PHP :: Bug #21027 :: htmlspecialchars() misbehaviour

Bug #21027	htmlspecialchars() misbehaviour
Submitted:	2002-12-15 10:08 UTC	Modified:	2002-12-15 10:19 UTC
From:	flying at dom dot natm dot ru	Assigned:
Status:	Not a bug	Package:	Scripting Engine problem
PHP Version:	4.3.0RC3	OS:	All
Private report:	No	CVE-ID:	None

View Developer Edit

[2002-12-15 10:08 UTC] flying at dom dot natm dot ru

htmlspecialchars() handles '&' char incorrectly - it doesn't care if it is aready part of entity or not. It results in very "funny" things when this function is being called several times for the same string. For example:

echo htmlspecialchars(htmlspecialchars(htmlspecialchars(htmlspecialchars(htmlspecialchars('text & text')))));

will produce: 
text &amp;amp;amp;amp; text 

Most correct bahaviour will be to check, if it is followed by any valid entity as they're described in HTML specification.

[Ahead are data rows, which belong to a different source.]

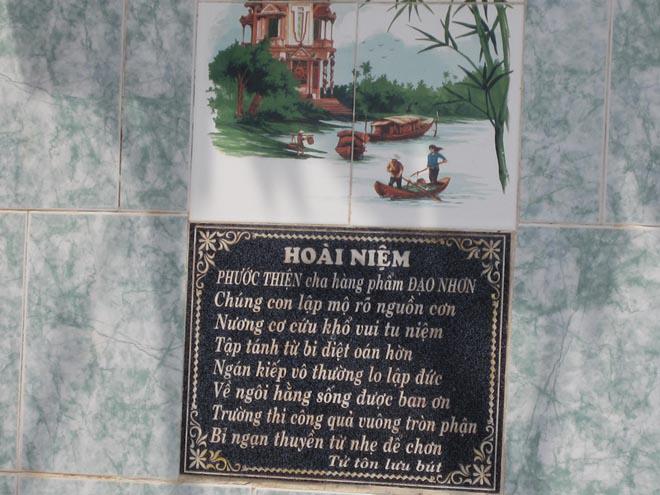 Về ngôi làng lạ nhất đất Việt: Trăm năm không một đám ma, đám cưới-2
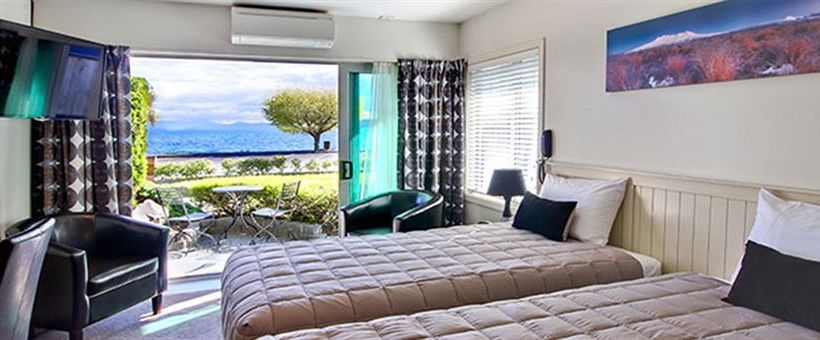 מוטל Baywater Motor Inn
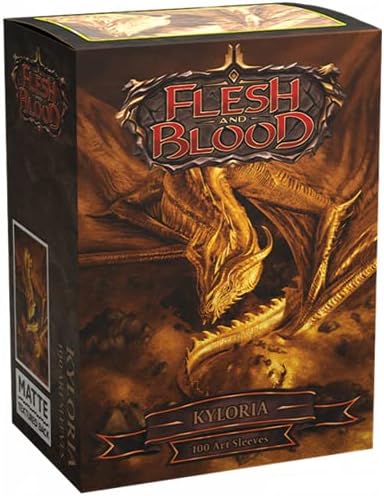 Dragon Shield Kyloria - Matte Art Sleeves - Standard Size (100ct)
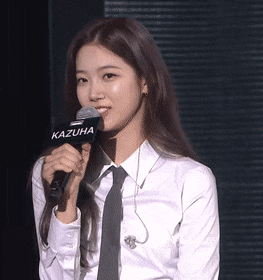 [잡담] 카즈하 진짜 배우같다는말 왜 나오는지 알겠다 ㅋㅋㅋㅋㅋㅋㅋ | 인스티즈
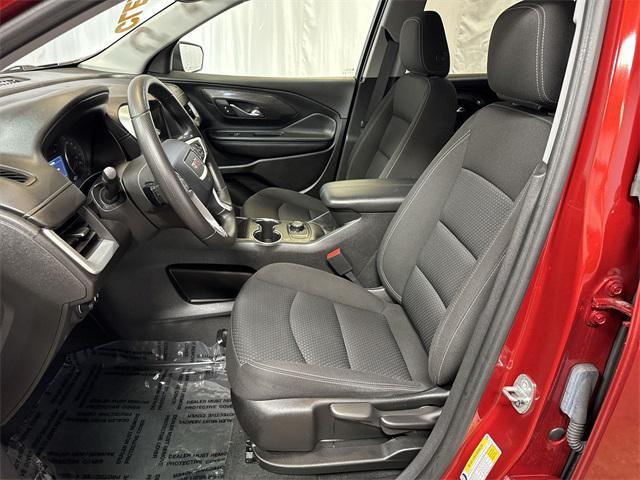 used 2023 GMC Terrain car, priced at $23,500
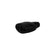 Contacto Oval Polarizado de Hule Sanelec, 15A 127V, Color Negro | SE324573   - imagen 2
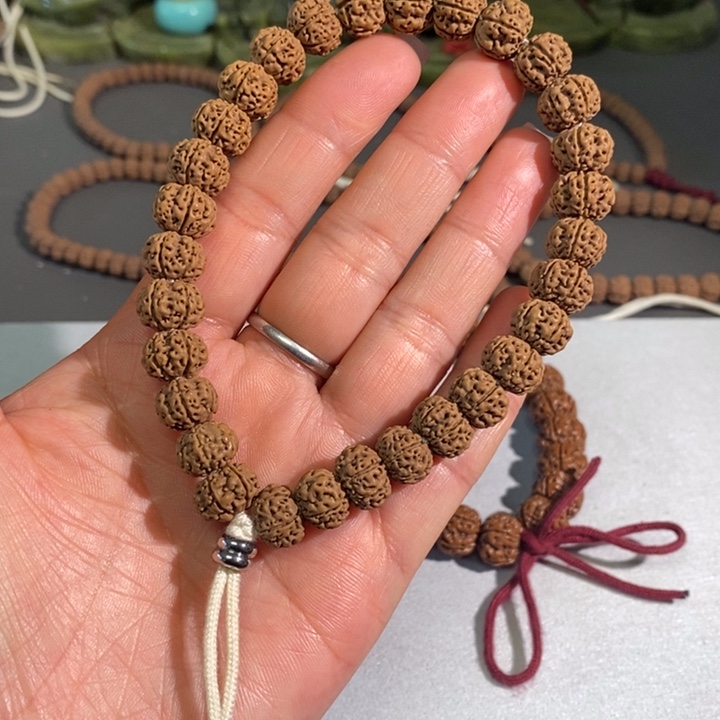 金刚菩提手串6瓣11.1梅花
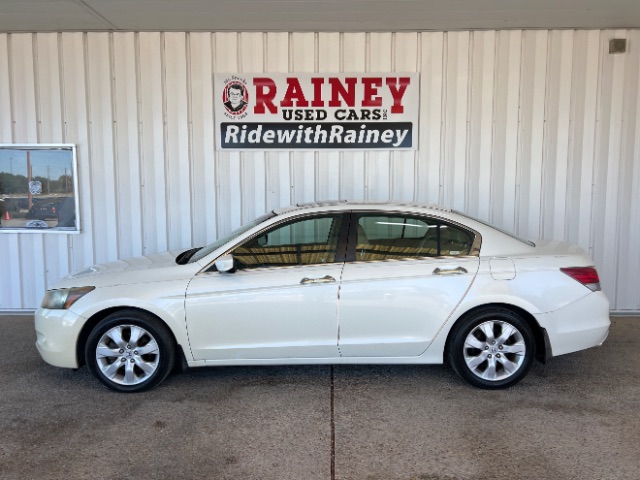 2008 Honda Accord EX-L V6's photo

However it can be quite hard to do, because there is lots of entities. So another way is also possible (it should be faster but more dirdy): just check if '&' char is started some abstract entity. Here is 2 regular expressions which are implements correct '&' char handling:

1. This is correct way to handle entities:
preg_replace('/\&(?!((#\d{1,5})|(#(x|X)[\dA-Fa-f]{1,4})|[aA]acute|[aA]circ|acute|(ae|AE)lig|
[aA]grave|alefsym|[aA]lpha|amp|an[dg]|[aA]ring|asymp|[aA]tilde|[aA]uml|
bdquo|[bB]eta|brvbar|bull|cap|[cC]cedil|cedil|cent|[cC]hi|circ|clubs|cong|
copy|crarr|cup|curren|[dD]agger|d[aA]rr|deg|[dD]elta|diams|divide|[eE]acute|
[eE]circ|[eE]grave|empty|e[mn]sp|[eE]psilon|equiv|[eE]ta|eth|ETH|[eE]uml|
euro|exist|fnof|forall|frac1[24]|frac34|frasl|[gG]amma|g[et]|h[aA]rr|hearts|
hellip|[iI]acute|[iI]circ|iexcl|[iI]grave|image|infin|int|[iI]ota|iquest|
isin|[iI]uml|[kK]appa|[lL]ambda|lang|laquo|l[aA]rr|lceil|ldquo|le|lfloor|
lowast|loz|lrm|lsa?quo|lt|macr|mdash|micro|middot|minus|[mM]u|nabla|nbsp|
ndash|n[ei]|not(in)?|nsub|[nN]tilde|[nN]u|[oO]acute|[oO]circ|(oe|OE)lig|
[oO]grave|oline|[oO]mega|[oO]micron|oplus|or|ord[fm]|[oO]slash|[oO]tilde|
otimes|[oO]uml|par[at]|permil|perp|[pP]hi|[pP]i|piv|plusmn|pound|[pP]rime|
pro[dp]|[pP]si|quot|radic|rang|raquo|r[aA]rr|rceil|rdquo|real|reg|rfloor|
[rR]ho|rlm|rsaquo|rsquo|sbquo|[sS]caron|sdot|sect|shy|[sS]igma|sigmaf|sim|
spades|sube?|sum|sup[123e]?|szlig|[tT]au|there4|[tT]heta|thetasym|thinsp|
thorn|THORN|tilde|times|trade|[uU]acute|u[aA]rr|[uU]circ|[uU]grave|uml|
upsih|[uU]psilon|[uU]uml|weierp|[xX]i|[yY]acute|yen|[yY]uml|[zZ]eta|zwn?j);)/','&amp;',$str);

2. This is less correct, but still better way to handle them:
preg_replace('/&(?!(([A-Za-z_:][A-Za-z0-9\.\-_:]*)|(#\d+)|(#(x|X)[\dA-Fa-f]+));)/','&amp;',$str);

 Good thing about second regexp is that in a case this way will be implemented by htmlspecialchars() function - it will be possible to use it to handle XML entities aswell.

Patches

Pull Requests

History

AllCommentsChangesGit/SVN commitsRelated reports

[2002-12-15 10:12 UTC] derick@php.net

What is wrong with that output of your test script?

Derick

[2002-12-15 10:17 UTC] flying at dom dot natm dot ru

> What is wrong with that output of your test script?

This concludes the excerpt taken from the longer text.